If you play class warfare and say, oh, we're not giving tax cuts to the rich, there won't be any tax cuts, because the rich pay all the taxes. The top 1 percent pay 33 percent of the income tax. Top 10 percent of income earners pay 60 percent of the income tax.

If you're in the top 50 percent, that is $75,000 and above for personal income, you pay 96 percent of the income tax.

So, if you tell the American people I'm only cutting it on the middle class below $75,000 a year, you're not going to cut any taxes, because not much of the taxes are being paid in that category.

So, the bottom line is, we have made the tax code more and more progressive over time. The people on the low end have been removed from the tax rolls and the people on the upper end have continued to get higher and higher taxes.

The bottom line is, when you cut the taxes for rich people, it helps everybody in the economy, because what happens is, you leave more money in the economy. I would cut everybody's taxes, but I would also cut those who are in the wealthy category because they pay the bulk of the taxes.

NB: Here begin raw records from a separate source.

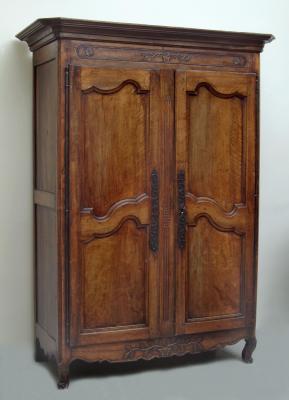 Appraisal: A FRENCH PROVINCIAL FRUITWOOD ARMOIRE the moulded cornice over frieze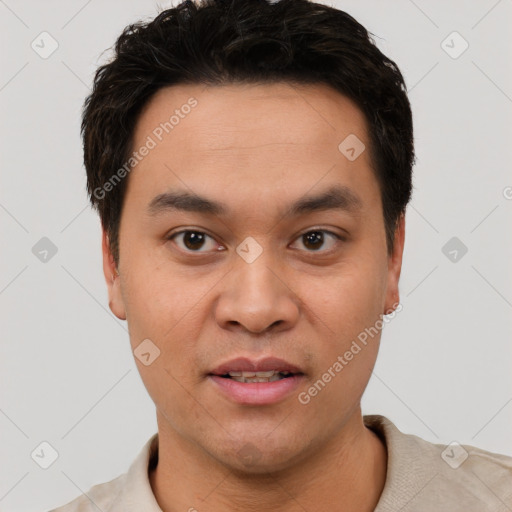 Joyful white young-adult male with short  black hair and brown eyes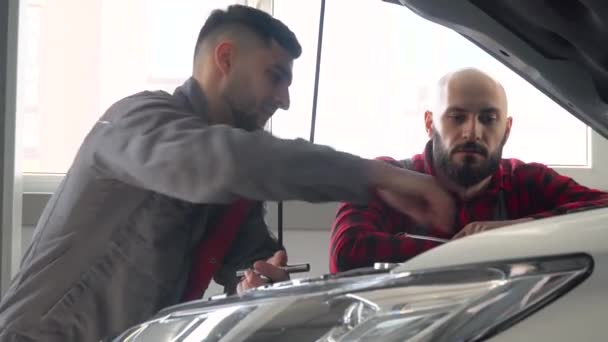 Два профессиональных механика ремонтируют автомобиль в автомастерской. Автосервис, ремонт и обслуживание — стоковое видео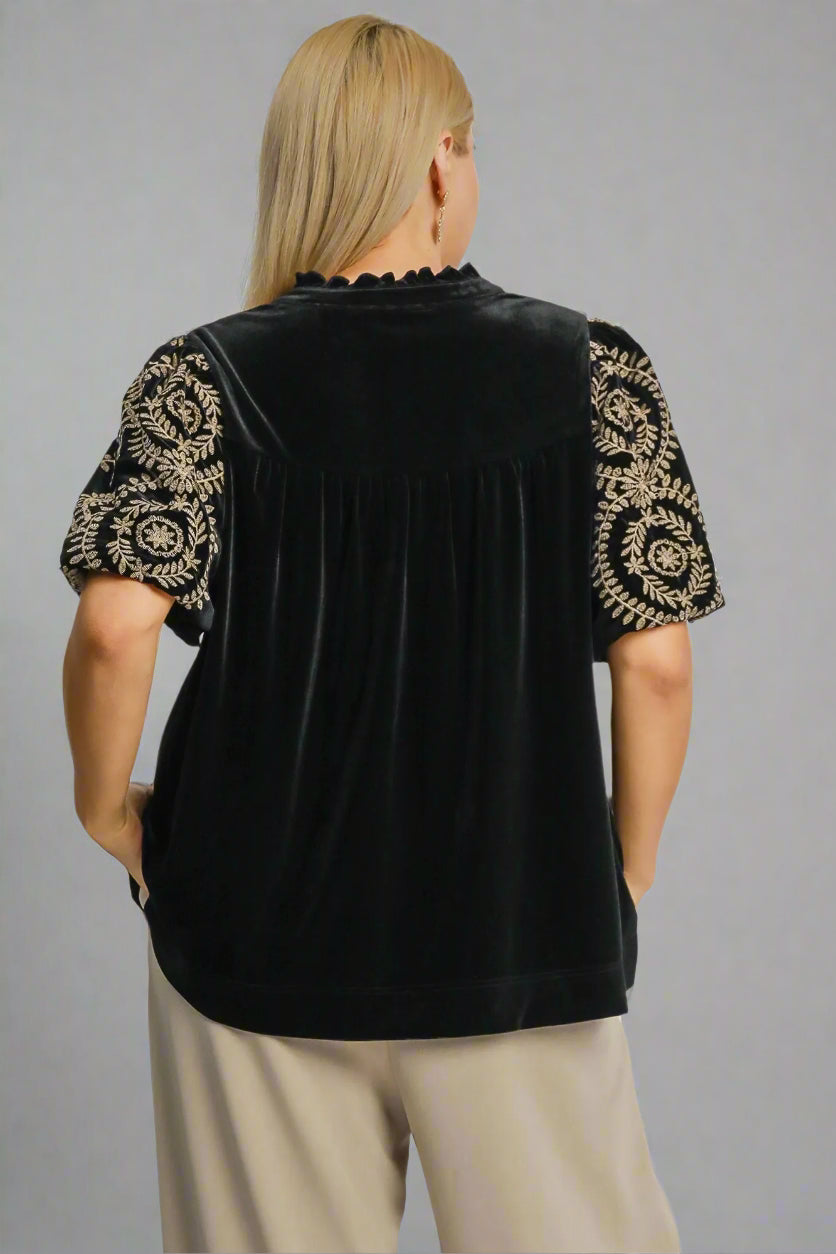 Black blouse with gold embroidery on sleeves worn by a model on a gray background
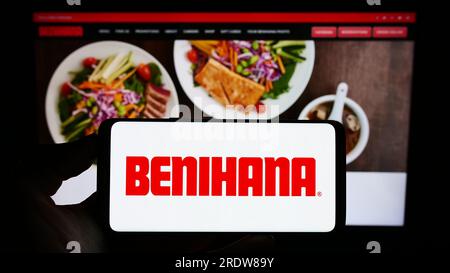 Person holding cellphone with logo of US restaurant company Benihana Inc. on screen in front of business webpage. Focus on phone display. Stock Photo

CAVUTO: What is going to happen, it seems between this rethinking tax cuts on the wealthy, Senator, and what looks like a concern on the part of many in your party about those who would lose their insurance under the revised Republican measures, and keeping so many of the taxes associated with the Affordable Care Act, that your party is running scared right now.

PAUL: Yes, I think that the way I summarize it is this.

Too many Republicans lack sufficient confidence in what made America great, and that's capitalism, freedom. It shouldn't be about who has money. If you work hard and you get more money than your neighbor because you sell more of your services or your products, that's capitalism. That means you have been rewarded by people freely and voluntarily buying your stuff.

I'm not jealous of the Walton family -- I wish I were the Walton family -- but I'm not jealous of them because they built a bunch of great stores, had a great transportation system, and sell things that people want and voluntarily buy.

That's America. And we should reward that with the success, which is you will make more money than your neighbor if you sell more stuff. And -- but so we shouldn't then say, oh, we're not going to cut their taxes, because, in the end, if the business owners don't get a tax cut, the business owners don't create more jobs, and we all work for somebody richer than us.

CAVUTO: Well, it is true.

Senator Rand Paul, thank you very, very much.